Black Invasion in Paris

African-Americans are returning to Paris for their history, culture and a sense of American identity:

Until recently, it was impossible for visitors to the French capital to gain more than a fleeting impression of the city's role in the development of the African-American identity.
But over the last few years a new form of tourism has appeared thanks to growing demand from the educated black middle class in the US.
Several operators are now offering culturally-specific guided tours to open up the rich heritage of Josephine Baker, Sidney Bechet, James Baldwin, Richard Wright and the countless others who came to France to escape the suffocating restrictions of their homeland.

(via BBC)

Posted by Maranda at 13:44:26 | Permanent Link | Comments (0) |

Thursday, April 28, 2005

Frozen Hardcover Fiction

Who needs Oprah's Book Club to boost book sales when you can shop in the frozen hardcover fiction aisle at your local Loblaws?  At least that seems to be the mentality of Sterling, a suburb in the state of Virginia.  Pocket-size paperbacks are being displayed alongside hardcover books at grocery stores across America in an attempt to lure readers and shoppers alike, the majority of whom are women.  (If this act doesn't smell of desperation, I don't know what does.)
I can now hear the faint sounds of more independent bookstores becoming defunct. 

(via New York Times)

Posted by Maranda at 15:01:29 | Permanent Link | Comments (0) |

And the Trillium Book Award winner is...

Toronto-based writer Wayson Choy for his novel, All That Matters.

(via CBC Arts)

Posted by Maranda at 14:37:15 | Permanent Link | Comments (0) |

Blog-Peeping Tom

Bookninja, Bookslut and Maud Newton are all cited in “Word Associations,” and are blogs that I frequently peruse:

So I’m sitting at my desk in my home office/children’s playroom writing and thinking and things are going pretty well and I feel like I’ve finally got the main character of the novel I’m working on sorted out, and I’ve actually managed to write quite a lot and I figure: Dammit, I deserve a break. But instead of taking a stroll to the water cooler, like I imagine people who work in real offices do when they need to literally and figuratively stretch their legs, I open up my Favourites to one of the lit blogs I frequent.

(via CBC Arts)

I'm fully aware that I have not reached the upper echelons of the weblog community, but can you blame a girl for wanting to add a little soul to the literary blogging world?  At first I wondered how I could pull this off.  Where will I find the time to update a blog that would feature more black writers?  Between my shitty part-time job, and freelance writing and publicity projects, I use any chance I get.
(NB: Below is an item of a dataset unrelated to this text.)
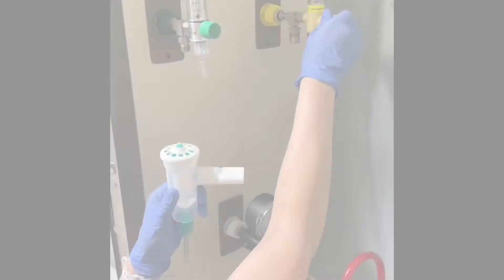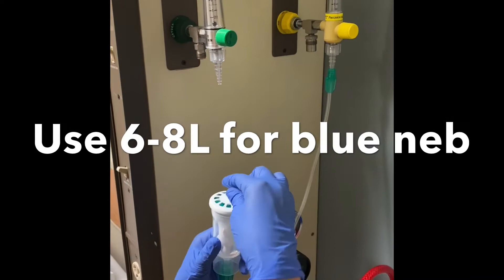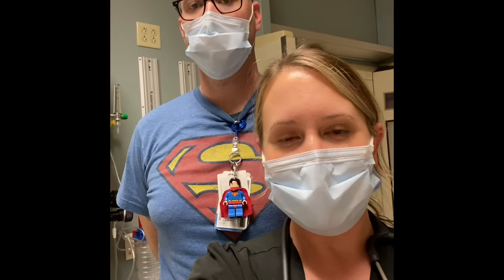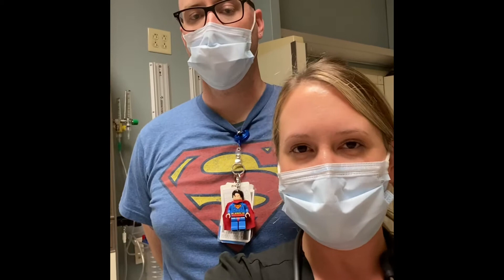Set your flow meter at around 5 liters per minute and make sure to turn the nebulizer on — you'll see the medication come out in a mist form. While the patient gets the treatment, you want to monitor them closely. If their heart rate increases by 20 at any point in time, you want to stop the treatment. Or if the patient begins to feel jittery or anxious, discontinue as well.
Posted by Maranda at 14:32:22 | Permanent Link | Comments (2) |

Wednesday, April 27, 2005

Dionne Brand to Attend Calabash Festival

It seems that the Calabash  International Literary Festival is growing more rapidly as the months progress, and I'm sure there is much elation on the part of its organizers.  I don't think the literati of the world should ever object to staying at a resort in hot, and sunny Jamaica to discuss literature and music.  (Now if only Saint Vincent and the Grenadines could organize a literary festival of their own.)
My
previous post on Calabash mentioned that Austin Clarke and Tessa McWatt, would be among the few Canadian writers at the festival.  Well, Toronto poet Dionne Brand has been added to the list of presenters who will be attending the festival:

Jamaica's Calabash fest draws writers and tourists


Calling all writers, or those who just want to be among the literati.

Come to Jamaica for the fifth Calabash International Literary Festival, a free, three-day gathering on the island's undeveloped south coast. Writers and musicians from around the world come here to share their work, perform and lead seminars for new and experienced writers.
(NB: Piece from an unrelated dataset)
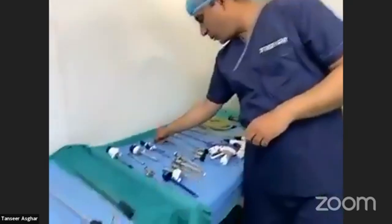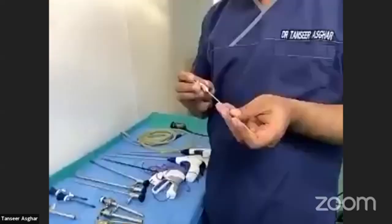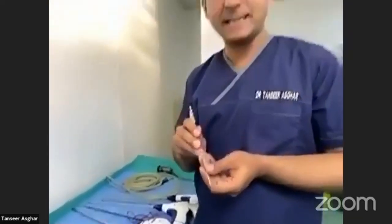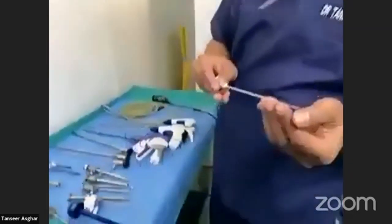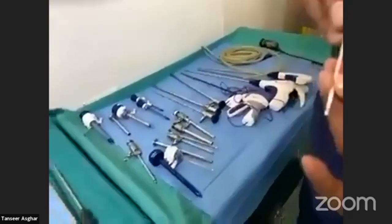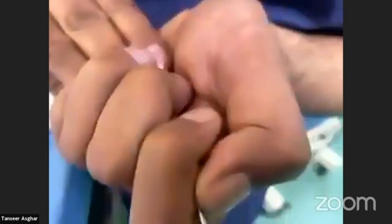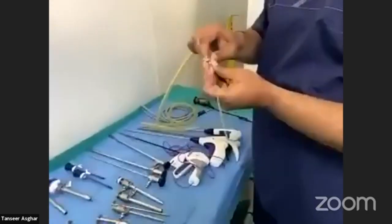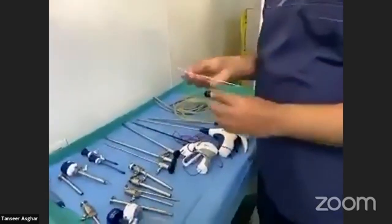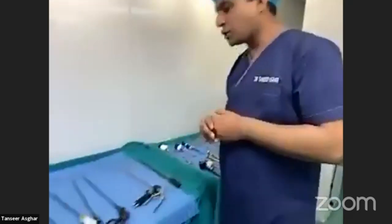There are a few more instruments related to this. This is the Veress needle — a special needle that gives you access to the abdominal cavity. It has a blunt end; when you go in, it automatically retracts and the sharp end penetrates. Once inside, you attach the gas pipe over it. This is an important instrument for establishing pneumoperitoneum.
Calabash started five years ago when Jamaican writers Colin Channer ("I'm Still Waiting," "Passing Through") and Kwame Dawes ("Bob Marley: Lyrical Genius") decided that the Caribbean region needed to celebrate its literary talents. They have said they envisioned Calabash becoming a "festival of choice for some of the world's most gifted artists."

It only would seem fitting that the UK's Orange-Prize winning author Andrea Levy would also make an appearance at the festival.
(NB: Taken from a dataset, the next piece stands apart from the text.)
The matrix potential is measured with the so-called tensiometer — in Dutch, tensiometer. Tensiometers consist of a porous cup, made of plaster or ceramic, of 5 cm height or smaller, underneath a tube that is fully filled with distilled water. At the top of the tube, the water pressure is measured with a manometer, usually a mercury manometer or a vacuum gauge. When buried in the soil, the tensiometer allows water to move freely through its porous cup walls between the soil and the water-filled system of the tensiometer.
(via Philadelphia Daily News)
(read more
here)

Posted by Maranda at 17:05:21 | Permanent Link | Comments (0) |

Found in Translation

A 1975 English translation of Farewell, Babylon: Coming of Age in Jewish Baghdad by Iraq-born Montreal author Naim Kattan has been reissued and is reviewed by writer Andrew Kett in the Quill and Quire:

Farewell, Babylon: Coming of Age in Jewish Baghdad

Naim Kattan, Sheila Fischman, trans.; $22.95 paper 1-55192-799-3, 222 pp., 5 1/2 x 8 1/2, Raincoast Books, May 2005

 

Over a lengthy career, Iraq-born Montrealer Naim Kattan has written more than 30 books of fiction, poetry, and criticism, for which he has received a cache of awards, including France's Légion d'Honneur and the Order of Canada. Still, he has been only sparingly translated into English. Farewell, Babylon was first published in 1975, and it well deserves this reissue in it's original English translation.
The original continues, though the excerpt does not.